IV. The panvala governance mechanisms

Slate Governance

Panvala makes decisions using slate governance at each quarter, the system approves one slate of actions and all of the individual proposals it contains. Moreover, the Pan holders who don’t believe that a slate represents the consensus of the community can propose a competing slate of proposals. Additionally, Pan must be staked on each proposed slate, and the tokens staked on losing slates are donated to the token capacitor.

Each slate is associated with the recommender who authored the slate. While most on-chain decision-making systems involve approving or rejecting individual proposals, the main question that is answered is “which decision- making process should be used?” The recommender of a slate always represents a particular decision-making process, even if it is poorly defined.

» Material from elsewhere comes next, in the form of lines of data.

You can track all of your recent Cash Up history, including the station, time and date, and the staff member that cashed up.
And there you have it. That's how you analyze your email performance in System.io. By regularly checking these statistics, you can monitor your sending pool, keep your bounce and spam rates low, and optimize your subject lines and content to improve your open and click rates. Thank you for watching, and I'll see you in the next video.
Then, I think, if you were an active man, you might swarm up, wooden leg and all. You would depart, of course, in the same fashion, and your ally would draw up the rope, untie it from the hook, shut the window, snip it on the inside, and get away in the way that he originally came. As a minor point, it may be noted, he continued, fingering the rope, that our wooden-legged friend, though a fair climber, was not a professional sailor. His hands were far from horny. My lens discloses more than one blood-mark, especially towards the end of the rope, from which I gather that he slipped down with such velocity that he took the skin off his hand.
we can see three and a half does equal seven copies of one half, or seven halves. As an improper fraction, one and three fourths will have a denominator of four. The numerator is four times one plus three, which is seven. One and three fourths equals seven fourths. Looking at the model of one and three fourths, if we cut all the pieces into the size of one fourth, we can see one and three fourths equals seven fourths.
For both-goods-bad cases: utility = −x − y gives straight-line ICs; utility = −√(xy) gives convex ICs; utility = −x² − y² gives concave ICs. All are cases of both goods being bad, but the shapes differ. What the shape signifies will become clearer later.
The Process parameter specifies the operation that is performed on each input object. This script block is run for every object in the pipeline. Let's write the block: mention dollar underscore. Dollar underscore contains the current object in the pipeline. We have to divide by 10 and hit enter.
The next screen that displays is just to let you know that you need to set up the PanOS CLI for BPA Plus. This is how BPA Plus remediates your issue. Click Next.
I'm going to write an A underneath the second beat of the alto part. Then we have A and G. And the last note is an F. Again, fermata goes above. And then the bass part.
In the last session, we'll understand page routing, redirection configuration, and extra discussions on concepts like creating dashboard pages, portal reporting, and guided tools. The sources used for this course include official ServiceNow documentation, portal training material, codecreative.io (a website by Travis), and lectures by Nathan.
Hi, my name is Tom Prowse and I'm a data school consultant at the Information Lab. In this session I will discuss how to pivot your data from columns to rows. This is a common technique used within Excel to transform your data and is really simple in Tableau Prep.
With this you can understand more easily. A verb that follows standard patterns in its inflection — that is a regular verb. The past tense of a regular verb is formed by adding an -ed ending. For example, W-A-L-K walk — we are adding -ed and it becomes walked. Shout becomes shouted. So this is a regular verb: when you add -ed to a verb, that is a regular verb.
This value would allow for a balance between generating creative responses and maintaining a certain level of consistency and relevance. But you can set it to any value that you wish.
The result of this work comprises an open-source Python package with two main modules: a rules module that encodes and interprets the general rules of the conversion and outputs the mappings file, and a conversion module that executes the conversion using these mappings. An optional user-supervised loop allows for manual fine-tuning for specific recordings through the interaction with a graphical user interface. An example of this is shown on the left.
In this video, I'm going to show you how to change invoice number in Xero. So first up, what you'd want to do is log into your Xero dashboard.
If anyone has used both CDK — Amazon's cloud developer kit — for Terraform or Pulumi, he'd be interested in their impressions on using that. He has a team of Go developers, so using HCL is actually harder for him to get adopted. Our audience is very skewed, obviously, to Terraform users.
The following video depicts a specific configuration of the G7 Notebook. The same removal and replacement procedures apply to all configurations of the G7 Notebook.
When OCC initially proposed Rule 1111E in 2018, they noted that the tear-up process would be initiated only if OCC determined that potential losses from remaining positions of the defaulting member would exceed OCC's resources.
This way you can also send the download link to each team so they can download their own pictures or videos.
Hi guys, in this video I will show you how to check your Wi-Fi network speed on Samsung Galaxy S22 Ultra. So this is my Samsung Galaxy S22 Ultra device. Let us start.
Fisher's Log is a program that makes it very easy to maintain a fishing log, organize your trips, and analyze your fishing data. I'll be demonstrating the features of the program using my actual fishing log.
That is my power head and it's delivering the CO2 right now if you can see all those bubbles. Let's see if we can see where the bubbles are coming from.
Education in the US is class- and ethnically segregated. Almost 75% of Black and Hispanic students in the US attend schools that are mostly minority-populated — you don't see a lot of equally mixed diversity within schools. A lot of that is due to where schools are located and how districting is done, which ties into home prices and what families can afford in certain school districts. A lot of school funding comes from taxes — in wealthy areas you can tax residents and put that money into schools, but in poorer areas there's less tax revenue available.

When done well, recommenders make their decision-making process clear, and their recommended slate represents the output of that process. Some example processes for recommenders include voting off-chain, electing representative bodies, or relying on reputable authorities. From another point, challenging individual proposals is done within the process that the recommender has already defined, where challenging a slate is like amending a constitution: you change the rules when they no longer serve the community’s goals, but not because you’re unsatisfied with a particular outcome.

Design Goals

Slate governance was designed to avoid common pitfalls seen in decentralized systems. The systems that have been deployed so far often see large numbers of decisions made, but low voter has been a signal that token-based voting might not actually be rewarding the effort it takes to evaluate decisions. Other systems see too fee decision: Bitcoin has been famously resistant to change over the years, for better or for worse. panvala team see this inertia as an emergent outcome of Bitcoin’s fork-based governance rules. The principles that justify resistance to change have been post hoc rationalizations of an emergent phenomenon.

Fork-based governance has also made its way to on-chain systems. TheDAO was a fork-based organization in which token holders could fork off a new organization after any decision they didn’t want to cooperate with. (TheDAO was hacked before we could see whether its design would work) Moloch DAO follows in TheDAO’s footsteps 5 with its “ragequit” functionality: during the waiting period after each approval, anyone can withdraw their remaining Ether if they don’t want to support the proposal. These designs make it easy to decide to join since there’s no real commitment, but their potential is constrained by the need to play it safe to keep people from leaving. Panvala avoids fork-based governance with the goal of building a committed community that cooperates even when they don’t get their way.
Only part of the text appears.